Crawled caption data:

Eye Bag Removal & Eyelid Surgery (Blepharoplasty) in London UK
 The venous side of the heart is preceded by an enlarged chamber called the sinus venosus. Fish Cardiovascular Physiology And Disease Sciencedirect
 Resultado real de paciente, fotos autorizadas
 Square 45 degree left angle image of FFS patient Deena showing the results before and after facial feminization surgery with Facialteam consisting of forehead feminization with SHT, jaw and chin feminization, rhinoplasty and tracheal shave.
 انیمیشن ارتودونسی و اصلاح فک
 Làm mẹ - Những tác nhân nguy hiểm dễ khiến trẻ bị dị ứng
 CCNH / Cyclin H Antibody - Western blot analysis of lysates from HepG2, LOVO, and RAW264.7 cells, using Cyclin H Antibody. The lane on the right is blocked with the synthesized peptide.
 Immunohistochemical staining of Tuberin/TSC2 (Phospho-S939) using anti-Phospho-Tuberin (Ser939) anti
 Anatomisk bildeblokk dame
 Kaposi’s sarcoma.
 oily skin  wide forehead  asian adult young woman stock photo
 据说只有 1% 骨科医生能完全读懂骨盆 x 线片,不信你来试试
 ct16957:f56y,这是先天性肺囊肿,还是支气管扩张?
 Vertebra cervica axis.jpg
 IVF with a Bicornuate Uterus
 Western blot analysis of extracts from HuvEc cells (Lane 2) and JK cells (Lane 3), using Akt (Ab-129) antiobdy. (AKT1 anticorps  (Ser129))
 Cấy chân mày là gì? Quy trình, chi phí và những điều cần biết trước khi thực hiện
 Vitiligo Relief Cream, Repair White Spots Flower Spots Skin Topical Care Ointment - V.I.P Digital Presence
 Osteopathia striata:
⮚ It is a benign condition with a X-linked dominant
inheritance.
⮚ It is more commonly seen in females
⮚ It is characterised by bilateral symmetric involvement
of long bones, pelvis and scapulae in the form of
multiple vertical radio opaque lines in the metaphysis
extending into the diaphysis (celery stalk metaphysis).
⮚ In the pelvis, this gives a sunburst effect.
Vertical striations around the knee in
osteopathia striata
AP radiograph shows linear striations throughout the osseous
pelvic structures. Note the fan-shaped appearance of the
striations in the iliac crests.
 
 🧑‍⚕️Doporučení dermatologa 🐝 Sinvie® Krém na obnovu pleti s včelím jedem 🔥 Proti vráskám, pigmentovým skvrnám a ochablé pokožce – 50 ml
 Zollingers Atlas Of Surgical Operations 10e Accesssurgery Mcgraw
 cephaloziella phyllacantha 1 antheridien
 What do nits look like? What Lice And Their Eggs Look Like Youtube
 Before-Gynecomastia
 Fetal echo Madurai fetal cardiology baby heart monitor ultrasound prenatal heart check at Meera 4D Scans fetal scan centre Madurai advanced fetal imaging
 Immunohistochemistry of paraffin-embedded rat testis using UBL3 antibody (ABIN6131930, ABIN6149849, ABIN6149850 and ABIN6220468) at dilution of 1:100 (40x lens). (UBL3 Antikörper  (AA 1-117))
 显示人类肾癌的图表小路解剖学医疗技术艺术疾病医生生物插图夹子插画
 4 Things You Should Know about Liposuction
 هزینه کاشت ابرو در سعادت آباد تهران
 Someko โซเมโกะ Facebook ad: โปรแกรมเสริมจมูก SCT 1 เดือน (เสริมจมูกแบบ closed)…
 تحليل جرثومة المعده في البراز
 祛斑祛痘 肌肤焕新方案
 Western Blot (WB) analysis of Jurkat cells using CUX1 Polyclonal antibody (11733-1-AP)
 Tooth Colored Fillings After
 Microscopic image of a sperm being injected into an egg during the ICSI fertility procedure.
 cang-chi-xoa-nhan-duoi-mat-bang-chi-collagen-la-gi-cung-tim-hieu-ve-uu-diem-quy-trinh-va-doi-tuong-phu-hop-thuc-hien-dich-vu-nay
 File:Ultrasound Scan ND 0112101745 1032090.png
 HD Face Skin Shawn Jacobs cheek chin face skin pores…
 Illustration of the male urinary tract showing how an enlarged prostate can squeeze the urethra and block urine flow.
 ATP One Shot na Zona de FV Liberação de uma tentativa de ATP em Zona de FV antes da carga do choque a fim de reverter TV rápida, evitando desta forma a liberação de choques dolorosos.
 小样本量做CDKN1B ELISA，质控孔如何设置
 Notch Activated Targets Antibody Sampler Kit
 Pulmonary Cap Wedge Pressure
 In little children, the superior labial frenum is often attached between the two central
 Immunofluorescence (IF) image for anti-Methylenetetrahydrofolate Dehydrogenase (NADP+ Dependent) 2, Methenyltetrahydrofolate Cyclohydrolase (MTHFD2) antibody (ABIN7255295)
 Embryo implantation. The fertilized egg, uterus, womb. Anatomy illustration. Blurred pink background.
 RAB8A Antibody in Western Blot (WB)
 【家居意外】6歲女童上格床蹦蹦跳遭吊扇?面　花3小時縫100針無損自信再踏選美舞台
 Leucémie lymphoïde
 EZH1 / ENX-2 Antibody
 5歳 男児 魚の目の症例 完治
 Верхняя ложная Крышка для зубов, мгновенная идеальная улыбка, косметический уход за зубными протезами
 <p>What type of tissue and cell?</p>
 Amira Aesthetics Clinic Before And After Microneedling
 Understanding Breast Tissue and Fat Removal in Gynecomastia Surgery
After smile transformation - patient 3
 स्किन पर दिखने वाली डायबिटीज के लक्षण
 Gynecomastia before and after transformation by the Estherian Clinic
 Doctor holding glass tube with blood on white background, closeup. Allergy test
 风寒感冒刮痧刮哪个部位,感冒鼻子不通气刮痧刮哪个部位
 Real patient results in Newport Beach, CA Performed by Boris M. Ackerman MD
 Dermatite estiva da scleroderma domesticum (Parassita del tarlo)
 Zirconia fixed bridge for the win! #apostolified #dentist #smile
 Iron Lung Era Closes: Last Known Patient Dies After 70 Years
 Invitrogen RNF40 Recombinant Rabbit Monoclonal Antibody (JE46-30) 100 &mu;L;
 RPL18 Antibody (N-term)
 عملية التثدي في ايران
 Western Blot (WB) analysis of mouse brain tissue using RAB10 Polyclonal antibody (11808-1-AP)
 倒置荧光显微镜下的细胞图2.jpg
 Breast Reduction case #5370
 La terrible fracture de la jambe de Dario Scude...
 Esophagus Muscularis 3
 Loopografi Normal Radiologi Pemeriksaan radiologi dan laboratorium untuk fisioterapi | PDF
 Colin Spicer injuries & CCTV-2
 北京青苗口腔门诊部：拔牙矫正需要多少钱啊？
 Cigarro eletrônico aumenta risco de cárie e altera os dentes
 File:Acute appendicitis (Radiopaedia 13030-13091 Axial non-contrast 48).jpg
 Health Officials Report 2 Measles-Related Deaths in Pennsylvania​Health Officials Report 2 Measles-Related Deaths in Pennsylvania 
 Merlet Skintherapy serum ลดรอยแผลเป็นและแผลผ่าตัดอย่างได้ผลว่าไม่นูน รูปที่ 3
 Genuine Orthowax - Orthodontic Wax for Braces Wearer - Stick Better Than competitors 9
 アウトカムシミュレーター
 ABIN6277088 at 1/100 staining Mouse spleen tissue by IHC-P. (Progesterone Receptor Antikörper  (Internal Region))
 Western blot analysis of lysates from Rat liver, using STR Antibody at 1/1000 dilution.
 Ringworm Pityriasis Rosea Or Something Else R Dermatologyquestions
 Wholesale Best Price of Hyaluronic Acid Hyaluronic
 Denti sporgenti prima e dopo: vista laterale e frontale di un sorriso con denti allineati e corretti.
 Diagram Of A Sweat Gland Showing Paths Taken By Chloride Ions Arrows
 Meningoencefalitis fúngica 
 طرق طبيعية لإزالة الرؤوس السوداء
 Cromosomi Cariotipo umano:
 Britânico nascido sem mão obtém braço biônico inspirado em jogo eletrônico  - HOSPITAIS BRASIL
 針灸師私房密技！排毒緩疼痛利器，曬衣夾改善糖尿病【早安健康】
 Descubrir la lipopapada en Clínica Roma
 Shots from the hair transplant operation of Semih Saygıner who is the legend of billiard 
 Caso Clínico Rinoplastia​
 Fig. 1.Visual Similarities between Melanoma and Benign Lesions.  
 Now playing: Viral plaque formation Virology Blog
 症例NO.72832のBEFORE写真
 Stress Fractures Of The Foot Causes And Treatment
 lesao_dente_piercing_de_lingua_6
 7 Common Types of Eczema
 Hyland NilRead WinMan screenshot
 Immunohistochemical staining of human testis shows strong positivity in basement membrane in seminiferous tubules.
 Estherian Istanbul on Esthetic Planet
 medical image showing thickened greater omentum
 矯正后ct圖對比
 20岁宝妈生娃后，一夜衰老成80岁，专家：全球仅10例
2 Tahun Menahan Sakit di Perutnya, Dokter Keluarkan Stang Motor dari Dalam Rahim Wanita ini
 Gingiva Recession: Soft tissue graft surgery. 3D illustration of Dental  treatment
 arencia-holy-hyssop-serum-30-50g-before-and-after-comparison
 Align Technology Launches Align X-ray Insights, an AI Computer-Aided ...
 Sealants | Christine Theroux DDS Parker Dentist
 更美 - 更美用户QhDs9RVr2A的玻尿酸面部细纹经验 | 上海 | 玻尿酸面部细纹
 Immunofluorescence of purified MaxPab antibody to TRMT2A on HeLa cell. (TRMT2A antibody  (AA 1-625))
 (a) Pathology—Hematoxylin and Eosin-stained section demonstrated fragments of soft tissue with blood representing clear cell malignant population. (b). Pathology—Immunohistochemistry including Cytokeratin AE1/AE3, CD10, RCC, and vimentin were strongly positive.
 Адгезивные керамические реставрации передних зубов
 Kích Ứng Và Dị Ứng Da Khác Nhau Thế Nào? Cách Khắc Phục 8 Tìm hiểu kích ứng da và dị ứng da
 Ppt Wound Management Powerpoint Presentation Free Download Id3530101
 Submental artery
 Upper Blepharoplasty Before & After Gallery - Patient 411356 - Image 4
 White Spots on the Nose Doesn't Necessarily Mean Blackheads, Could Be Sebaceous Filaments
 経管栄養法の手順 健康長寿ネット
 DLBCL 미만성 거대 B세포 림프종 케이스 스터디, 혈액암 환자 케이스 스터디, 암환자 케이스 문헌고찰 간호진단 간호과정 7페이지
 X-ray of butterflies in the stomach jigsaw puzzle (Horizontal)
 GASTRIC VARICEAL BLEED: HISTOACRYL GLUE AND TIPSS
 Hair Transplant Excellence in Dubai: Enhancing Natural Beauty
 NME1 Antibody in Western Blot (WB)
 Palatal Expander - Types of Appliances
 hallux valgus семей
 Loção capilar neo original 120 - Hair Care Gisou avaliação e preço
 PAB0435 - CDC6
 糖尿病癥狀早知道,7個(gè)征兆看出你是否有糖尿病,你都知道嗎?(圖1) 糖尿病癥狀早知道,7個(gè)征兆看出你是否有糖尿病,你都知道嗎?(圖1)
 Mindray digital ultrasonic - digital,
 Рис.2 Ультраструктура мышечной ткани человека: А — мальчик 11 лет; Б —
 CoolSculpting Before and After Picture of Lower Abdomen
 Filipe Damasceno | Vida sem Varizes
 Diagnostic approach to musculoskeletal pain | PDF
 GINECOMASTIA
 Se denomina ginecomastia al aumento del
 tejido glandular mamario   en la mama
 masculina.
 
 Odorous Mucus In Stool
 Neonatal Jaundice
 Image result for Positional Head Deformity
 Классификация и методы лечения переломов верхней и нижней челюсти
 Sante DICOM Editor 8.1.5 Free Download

Work required:
Will you return exactly the lines above from the one with "Loopografi Normal Radiologi" down to the one with "Cigarro eletrônico aumenta", counting both as part of the range?

Solution:
 Loopografi Normal Radiologi Pemeriksaan radiologi dan laboratorium untuk fisioterapi | PDF
 Colin Spicer injuries & CCTV-2
 北京青苗口腔门诊部：拔牙矫正需要多少钱啊？
 Cigarro eletrônico aumenta risco de cárie e altera os dentes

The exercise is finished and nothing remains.